Adapters were trimmed using Trimmomatic (v.0.36)155, and alignment, read filtering and genome coverage calculation were performed as for ATAC–seq. The bam files of WT and dKO samples were concatenated into a master bam file, which was used to call significant peaks with matching input controls using MACS2 (v.2.1.0)152. Cutoff values for q-value significance were determined post-hoc, testing several q-values on the basis of the signal-to-background ratio. Quantification of reads in significant peaks for all samples was performed using bedtools (v.2.29.2)153 multicov. TEs and SEs were called on the basis of H3K27ac enrichment using the ROSE algorithm (rank ordering of super-enhancers) (v.0.11)156,157 with a stitching distance of 12.5 kb and a TSS exclusion zone size of 2.5 kb. The ROSE algorithm was also used to extract H3K27ac levels at TEs and SEs for WT and dKO samples individually. The average H3K27ac signal value across all elements was calculated for each sample and further used for normalization between samples. The log2 fold change ratio of the normalized signal (–0.75 < log2 fold change < 0.75) was used to call differential TEs and SEs. All other enhancers were considered static.

CUT&RUN

2 × 105 short-term cultured CAFs before or after 30 min of serum stimulation were processed for CUT&RUN158 for macroH2A1 (antibody ab37264, Abcam, lot number GR278020-1, 1 μg per reaction). Cells were permeabilized with 0.0085% digitonin and incubated with antibody. DNA was cleaved with the CUTANA pAG-MNase (Epicypher). Released DNA was processed using a NEBNext Ultra II Library Preparation kit for Illumina (NEB), including a 14-cycle amplification step. Libraries were sequenced and reads were processed as for ATAC–seq.

CUT&RUN analysis

MacroH2A1 enrichment determined by CUT&RUN was benchmarked by correlation analysis with published macroH2A1 ChIP–seq data in dermal fibroblasts62. Enrichment at the level of read pileups had a correlation coefficient of 0.79 (Extended Data Fig. 6a). MacroH2A1 chromatin domains were called separately for stimulated and unstimulated samples using SEACR (v.1.3)159 without a control in stringent mode with a threshold of 0.05, and significant peaks were merged using bedtools (v.2.29.2)153 if within 25 kb distance. Merged peak and alignment files for unstimulated and stimulated cells were then concatenated to generate master files for the ROSE algorithm156,157. A stitching distance of 12.5 kb, no TSS exclusion and normalization to element size were used in ROSE to rank macroH2A1 domains. The equivalent of SEs called by ROSE based on the macroH2A1 signal were termed super-MCDs.
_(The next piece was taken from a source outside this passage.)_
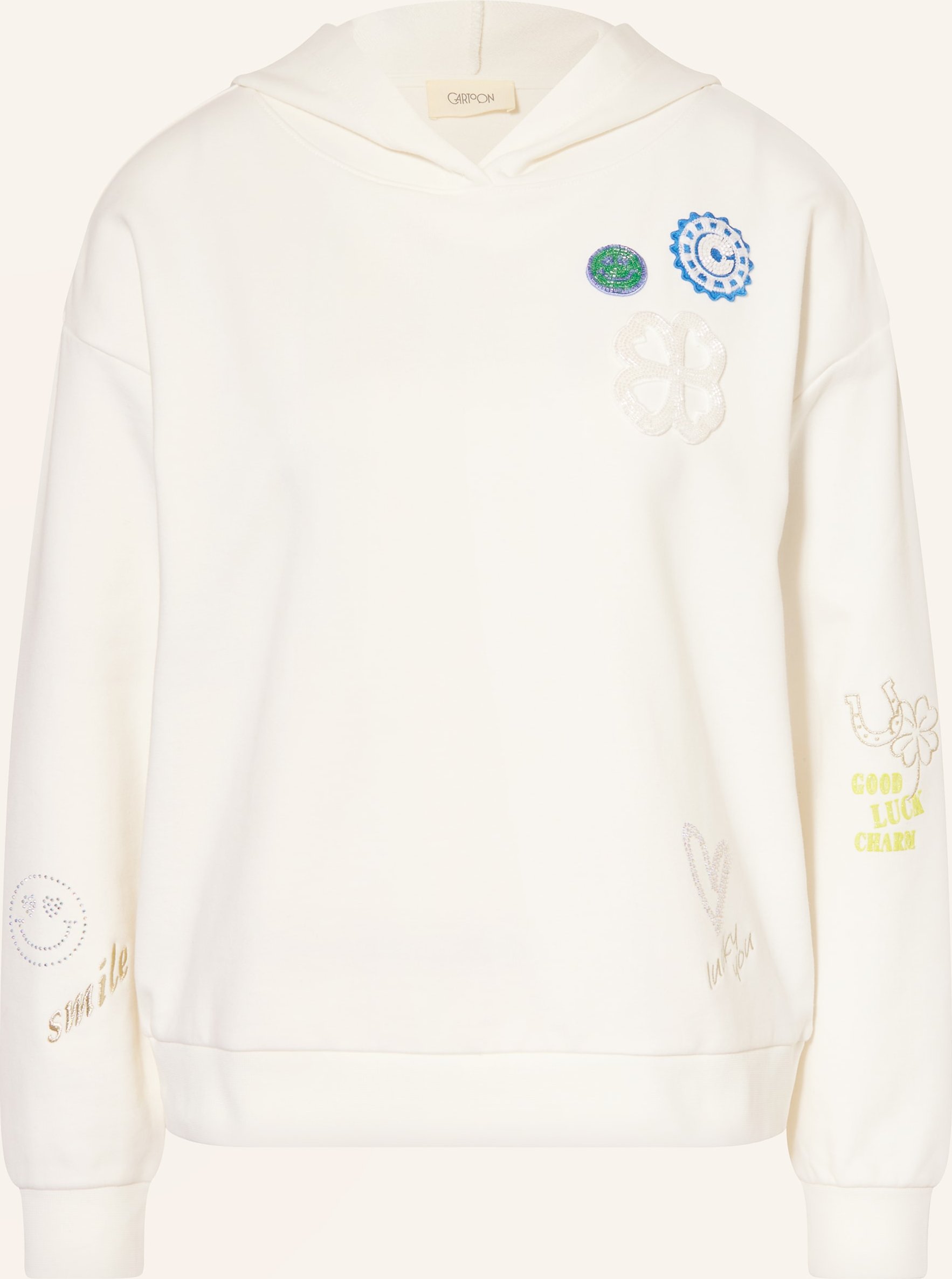Cartoon Hoodie Mit Schmucksteinen weiss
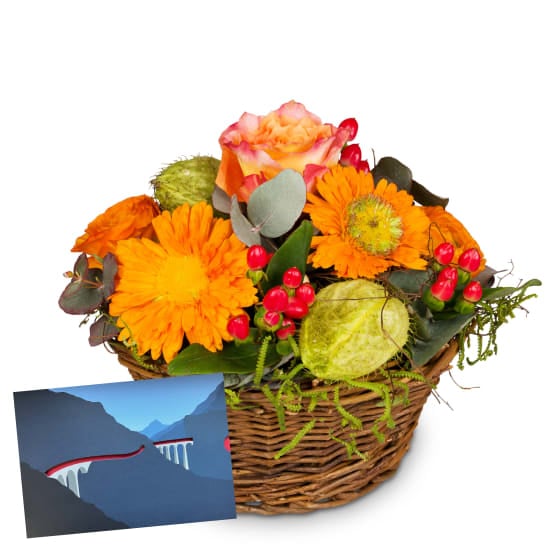 Flower arrangement «Pure Spring» with a gift voucher from the Rhaetian Railway (Minimum)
The equivalent of TEs was then divided into groups of standard and low macroH2A1 signals using a cutoff above 3,780 (signal density × length units) determined post-hoc on the basis of the macroH2A1 enrichment-to-background ratio. Most domains with low macroH2A1 signal were also below 1.5 kb in length, represented less than 0.5% of the genome, showed higher enrichment of IgG over the macroH2A signal, and were therefore excluded from further analysis. For comparing macroH2A1 enrichment levels, static genes were selected as follows: for each differentially expressed gene, all genes within 25% of its averaged transcripts per million (TPM) level in WT samples were identified, and 10 (inflammatory up genes comparison) or 3 (all DEG comparison) genes that were neither differentially expressed nor less than 1 kb in length were randomly selected, added to a running list, and duplicates were removed.

pcMicro-C

Micro-C was performed using a Dovetail Micro-C kit (Cantata Bio) according to the manufacturer’s protocol. Chromatin from 1 × 106 WT and dKO cultured CAFs, crosslinked after serum stimulation, was digested with 3 μl MNase to obtain a mononucleosomal fraction within specifications. Each chromatin preparation was subjected to proximity ligation and subsequent library preparation in duplicate. Next, 400 ng of each library was pooled and subjected to promoter capture using a Dovetail Target Enrichment kit and a Mouse Pan Promoter Panel (Cantata Bio). The manufacturer’s protocol was adjusted by halving the streptavidin bead elution volume to enable the use of the entire post-capture material for the amplification reaction and performing only seven PCR cycles. The resulting 4-plex library was sequenced on a NextSeq 500 high output lane in a 75 bp paired-end configuration.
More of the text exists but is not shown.